Because the capotasto strap has a memory form and a degree of springiness such that the capotasto will lie shape-bound around the neck of the instrument even though subjected to gravitational forces, the capo will not fall from the neck of the instrument even when the fastening device is open. When open, the capotasto will normally be free to move along the neck of the instrument while, as before mentioned, the components of the fastening means are constantly in the immediate vicinity of each other and therewith readily fastened by the user.
In preferred embodiments of the invention, the components of said fastening means can be snapped into effective engagement with one another with finger force. The fastening means may alternatively include a screw/nut tightener which will enable the fastening or tensioning force to be adjusted.
Because the force resultant of the surface pressure of the strap against the neck of the instrument is directed towards the inner corner defined by said one end of the bar and said one end-part of the strap, the capo will remain in its initial position.
The tensioning strap is elastically flexible in at least that end-part which connects with the one end of the bar. The one end of the tensioning strap is connected to the bar so as to be flexurally rigid at the connection point and is directed so as to diverge from the undersurface of the neck when the strap is not under tension. As a result, the capotasto will project minimally beyond the cross-sectional profile of the neck of the instrument on the discant side, while the adjacent outer edge of the fingerboard is received stably in the corner defined by the bar and the tensioning strap. Furthermore, the force resultant of the contact forces of the tensioning strap against the underside of the neck will be directed generally towards the corner angle, therewith holding the capo stably in its set position on the neck of the instrument. The aforesaid corner also forms an anvil means against which the edge of the fingerboard is placed when fastening the capotasto. This eliminates the risk of the strings being pulled obliquely by the capo as it is being secured to the instrument (this being one cause of undesirable pitch changes).
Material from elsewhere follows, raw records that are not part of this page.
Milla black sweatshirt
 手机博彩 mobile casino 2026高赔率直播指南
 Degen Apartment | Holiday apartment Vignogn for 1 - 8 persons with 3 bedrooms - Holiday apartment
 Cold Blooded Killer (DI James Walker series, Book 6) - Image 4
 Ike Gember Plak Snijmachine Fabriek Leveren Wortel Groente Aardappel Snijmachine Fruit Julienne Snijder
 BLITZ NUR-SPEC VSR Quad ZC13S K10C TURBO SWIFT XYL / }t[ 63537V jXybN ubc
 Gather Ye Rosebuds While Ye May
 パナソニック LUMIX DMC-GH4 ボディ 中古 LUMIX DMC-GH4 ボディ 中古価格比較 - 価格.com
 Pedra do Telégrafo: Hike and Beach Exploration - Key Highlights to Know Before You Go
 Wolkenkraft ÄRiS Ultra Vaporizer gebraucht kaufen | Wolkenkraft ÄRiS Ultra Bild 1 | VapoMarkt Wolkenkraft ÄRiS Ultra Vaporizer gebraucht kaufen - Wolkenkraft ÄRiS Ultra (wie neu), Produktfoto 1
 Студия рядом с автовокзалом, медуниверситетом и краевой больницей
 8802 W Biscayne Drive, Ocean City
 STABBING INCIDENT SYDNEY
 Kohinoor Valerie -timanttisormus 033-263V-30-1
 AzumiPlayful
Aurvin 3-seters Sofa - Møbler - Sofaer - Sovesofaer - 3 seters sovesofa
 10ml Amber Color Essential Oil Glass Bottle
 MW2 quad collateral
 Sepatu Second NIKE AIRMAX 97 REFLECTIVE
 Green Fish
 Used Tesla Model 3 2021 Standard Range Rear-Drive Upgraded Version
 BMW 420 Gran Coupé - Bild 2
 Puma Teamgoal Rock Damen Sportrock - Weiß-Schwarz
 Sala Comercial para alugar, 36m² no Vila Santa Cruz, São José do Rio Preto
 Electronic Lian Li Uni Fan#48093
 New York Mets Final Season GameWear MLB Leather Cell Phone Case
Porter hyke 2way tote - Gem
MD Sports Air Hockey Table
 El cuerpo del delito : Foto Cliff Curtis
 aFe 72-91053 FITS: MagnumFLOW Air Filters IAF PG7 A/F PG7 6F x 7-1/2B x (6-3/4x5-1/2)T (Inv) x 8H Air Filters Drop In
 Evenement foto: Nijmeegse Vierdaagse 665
Although the inventive concept can be applied with several earlier types of capo, it is preferred that the fastening means of the capo is located at that end of the bar which lies opposite to the end that carries the tensioning strap, so that the fastening means will be able to fit in the gap between the finger tips and thumb of one hand with said hand placed typically around the neck of the instrument and moved therealong. As a result of the position of the fastening means, the minimised projection of the bar on the discant side of the fingerboard, and because the capo as a whole can be given a very slender construction owing to the fact that the major part thereof is subjected to tension forces, a capo that is constructed in accordance with the inventive principle will encroach on the space of the user's hand only to a very small extent. This enables the capo bar to be placed close to the top of the gripping strap without impeding the hand to any appreciable extent. The gripping strap will then function as an anvil means and prevent the strings from being depressed more than is necessary. Another, and more common, reason why tuning of an instrument is impaired when using a capo (both in relation to accompanying instruments and to the individual strings of the instrument being accompanied) is precisely because the capo presses the strings down against the fingerboard to an unnecessary extent.
According to one particularly preferred embodiment of the invention, the essentially rigid capo bar is integral with the tensioning strap, wherein at least the end-part of the tensioning strap that adjoins the capo bar is semi-rigid (i.e. elastically flexible under the influence of the fastening means), wherein the end-part of the tensioning strap connecting with said fastener means is preferably given a slightly reduced flexural rigidity in the plane of the capo, wherein the end-part of the fastening strap carries an upwardly extending screw and is held in the immediate vicinity of or in engagement with a recess at the free-end of the capo bar, by virtue of the stiffness of the strap and its attachment to the capo bar, wherein a nut may be screwed onto the screw to enable the tensioning force generated by the capo to be adjusted. The nut may have a general conical shape, so as to enable it to be easily snapped into and out of engagement with the edge of the recess.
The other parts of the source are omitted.